About this task:
Look in the listing below for the line that has "Aqua B Hotel Velence Kültér fotó", then return it and each following line up to and including the one with "HERMOSA CASA EN", exactly and without pictures.

Exercise inputs:
Start of Block
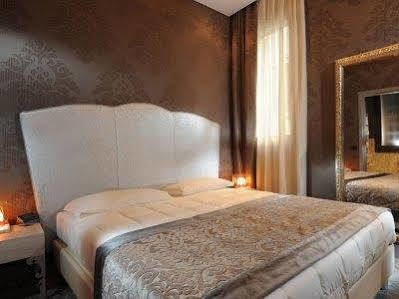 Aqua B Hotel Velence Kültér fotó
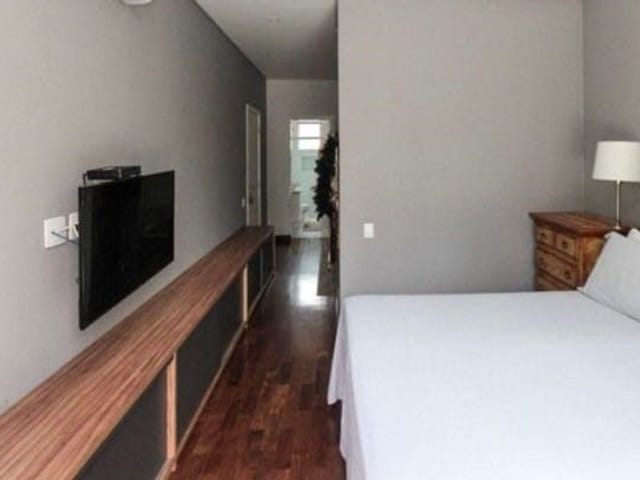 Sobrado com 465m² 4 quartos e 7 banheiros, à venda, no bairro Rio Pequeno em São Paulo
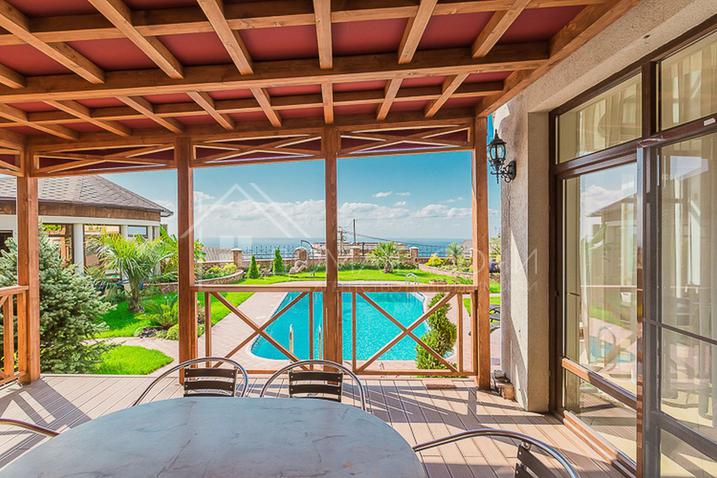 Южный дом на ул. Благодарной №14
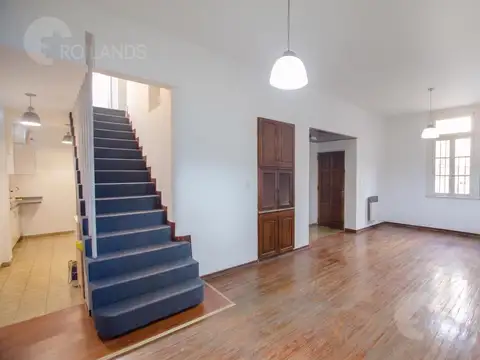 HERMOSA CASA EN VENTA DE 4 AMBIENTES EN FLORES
End of Block
Start of Block
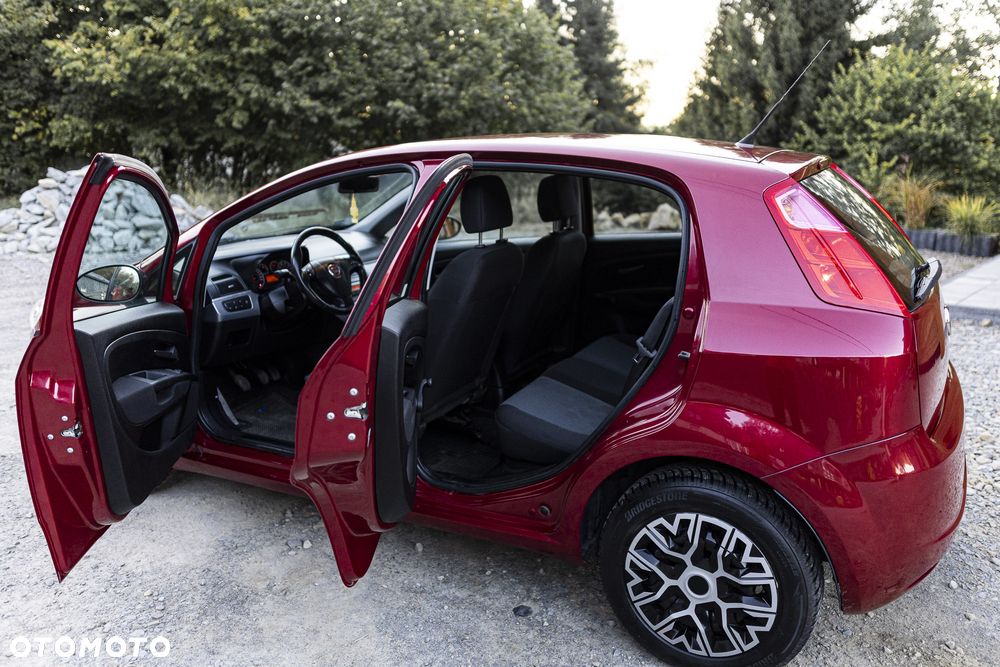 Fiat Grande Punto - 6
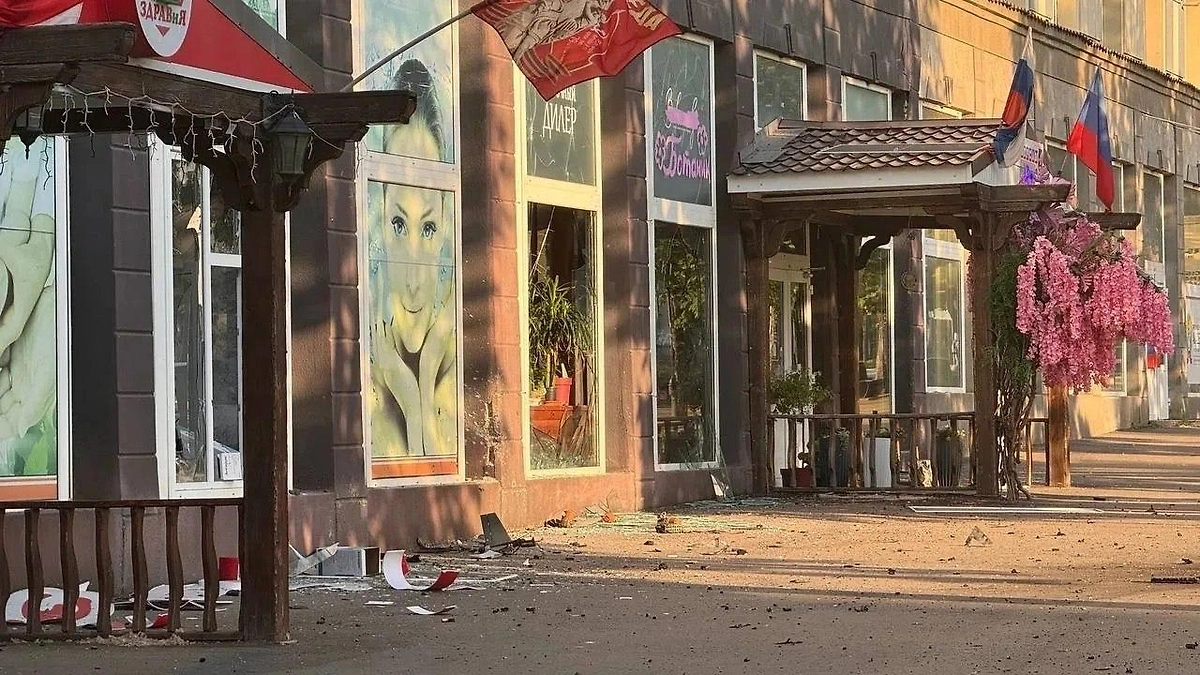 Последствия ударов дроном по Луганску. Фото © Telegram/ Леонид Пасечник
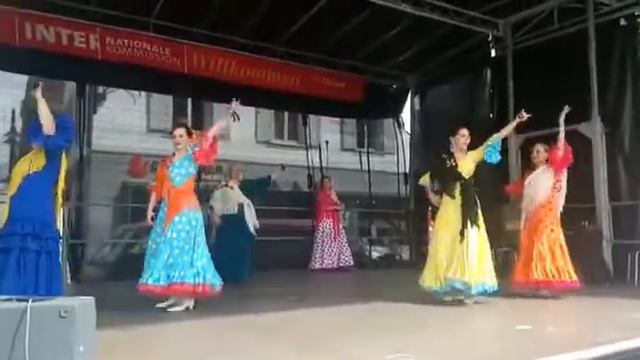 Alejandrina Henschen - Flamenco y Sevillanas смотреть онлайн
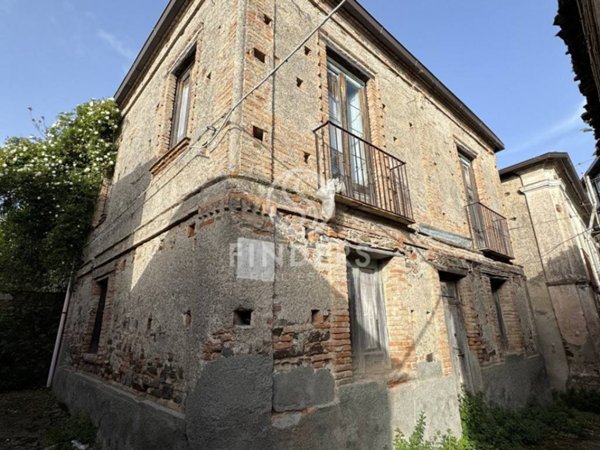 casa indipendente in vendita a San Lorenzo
End of Block
Exercise result:
 Aqua B Hotel Velence Kültér fotó
 Sobrado com 465m² 4 quartos e 7 banheiros, à venda, no bairro Rio Pequeno em São Paulo
 Южный дом на ул. Благодарной №14
 HERMOSA CASA EN VENTA DE 4 AMBIENTES EN FLORES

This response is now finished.